Convolution goes higher-order: a biologically inspired mechanism empowers image classification
Simone Azeglio, Olivier Marre, Peter Neri, Ulisse Ferrari
TL;DR
This work introduces higher-order convolutions (HoConv) by embedding Volterra-like polynomial expansions into convolutional layers to capture multiplicative pixel interactions, aiming to model higher-order statistics in natural images. By learning separate per-order feature maps up to the 4th order and stabilizing training with a normalization factor, HoCNNs demonstrate consistent performance gains over standard CNNs across synthetic textures and benchmarks, with 3rd/4th orders often providing the best results. Representational analyses (RSA) and perturbation studies reveal distinct, richer geometries in HoCNN representations and a nuanced sensitivity to higher-order statistics, supporting the biological motivation and suggesting practical benefits for real-world vision tasks.
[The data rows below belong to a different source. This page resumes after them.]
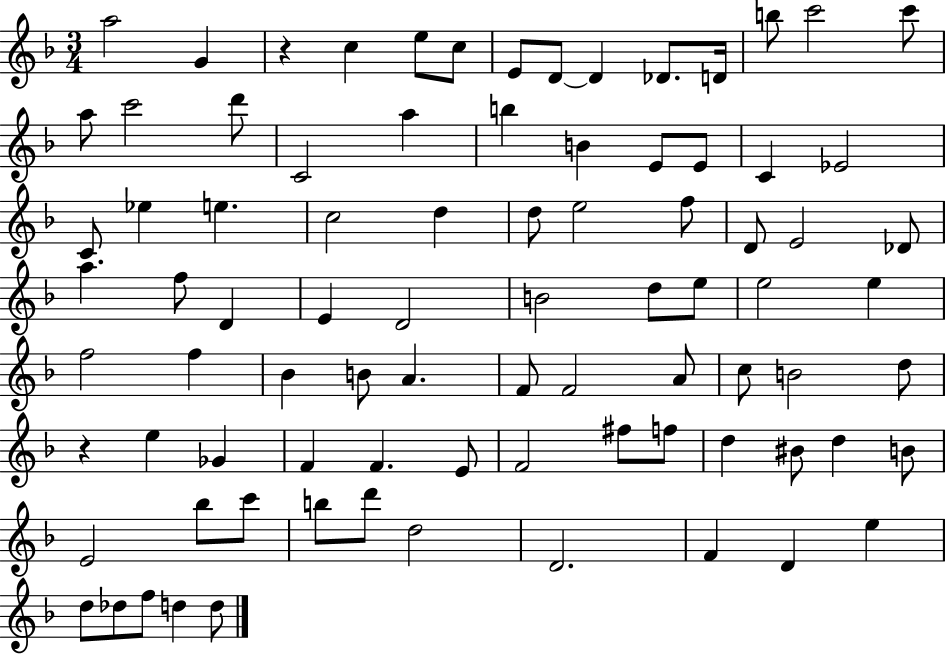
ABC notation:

X:1
T:Untitled
M:3/4
L:1/4
K:F
a2 G z c e/2 c/2 E/2 D/2 D _D/2 D/4 b/2 c'2 c'/2 a/2 c'2 d'/2 C2 a b B E/2 E/2 C _E2 C/2 _e e c2 d d/2 e2 f/2 D/2 E2 _D/2 a f/2 D E D2 B2 d/2 e/2 e2 e f2 f _B B/2 A F/2 F2 A/2 c/2 B2 d/2 z e _G F F E/2 F2 ^f/2 f/2 d ^B/2 d B/2 E2 _b/2 c'/2 b/2 d'/2 d2 D2 F D e d/2 _d/2 f/2 d d/2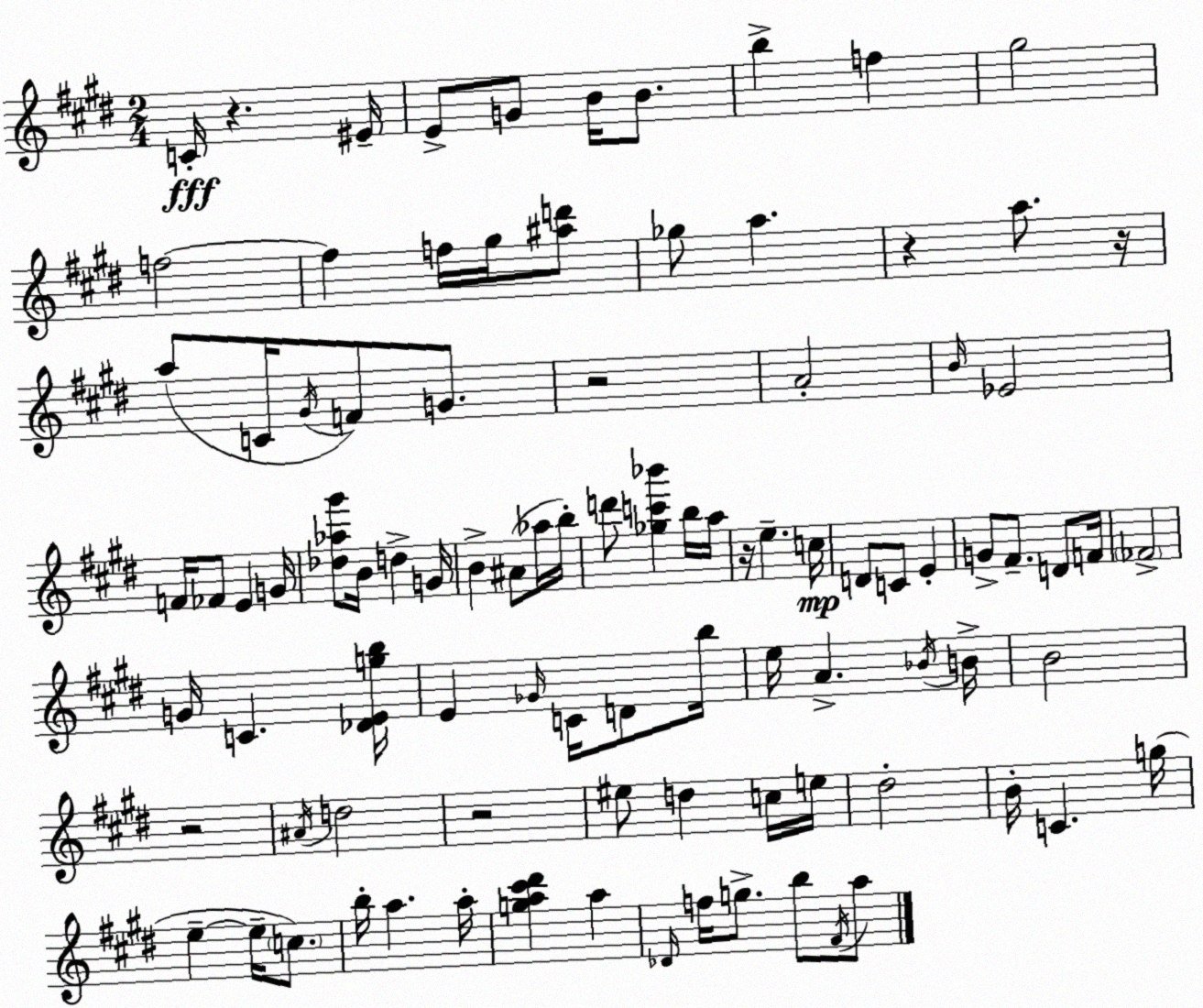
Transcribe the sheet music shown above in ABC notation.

X:1
T:Untitled
M:2/4
L:1/4
K:E
C/4 z ^E/4 E/2 G/2 B/4 B/2 b f ^g2 f2 f f/4 ^g/4 [^ad']/2 _g/2 a z a/2 z/4 a/2 C/4 ^G/4 F/2 G/2 z2 A2 B/4 _E2 F/4 _F/2 E G/4 [_d_a^g']/2 B/4 d G/4 B ^A/2 _a/4 b/4 d'/2 [_gc'_b'] b/4 a/4 z/4 e c/4 D/2 C/2 E G/2 ^F/2 D/2 F/4 _F2 G/4 C [_DEgb]/4 E _G/4 C/4 D/2 b/4 e/4 A _B/4 B/4 B2 z2 ^A/4 d2 z2 ^e/2 d c/4 e/4 ^d2 B/4 C g/4 e e/4 c/2 b/4 a a/4 [ga^c'^d'] a _D/4 f/4 g/2 b/2 ^F/4 a/2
The paper also discusses limitations, notably computational overhead and robustness trade-offs, and outlines future directions including hybrid architectures with transformers and efficiency-focused approaches for broader applicability.
Abstract
We propose a novel approach to image classification inspired by complex nonlinear biological visual processing, whereby classical convolutional neural networks (CNNs) are equipped with learnable higher-order convolutions. Our model incorporates a Volterra-like expansion of the convolution operator, capturing multiplicative interactions akin to those observed in early and advanced stages of biological visual processing. We evaluated this approach on synthetic datasets by measuring sensitivity to testing higher-order correlations and performance in standard benchmarks (MNIST, FashionMNIST, CIFAR10, CIFAR100 and Imagenette). Our architecture outperforms traditional CNN baselines, and achieves optimal performance with expansions up to 3rd/4th order, aligning remarkably well with the distribution of pixel intensities in natural images. Through systematic perturbation analysis, we validate this alignment by isolating the contributions of specific image statistics to model performance, demonstrating how different orders of convolution process distinct aspects of visual information. Furthermore, Representational Similarity Analysis reveals distinct geometries across network layers, indicating qualitatively different modes of visual information processing. Our work bridges neuroscience and deep learning, offering a path towards more effective, biologically inspired computer vision models. It provides insights into visual information processing and lays the groundwork for neural networks that better capture complex visual patterns, particularly in resource-constrained scenarios.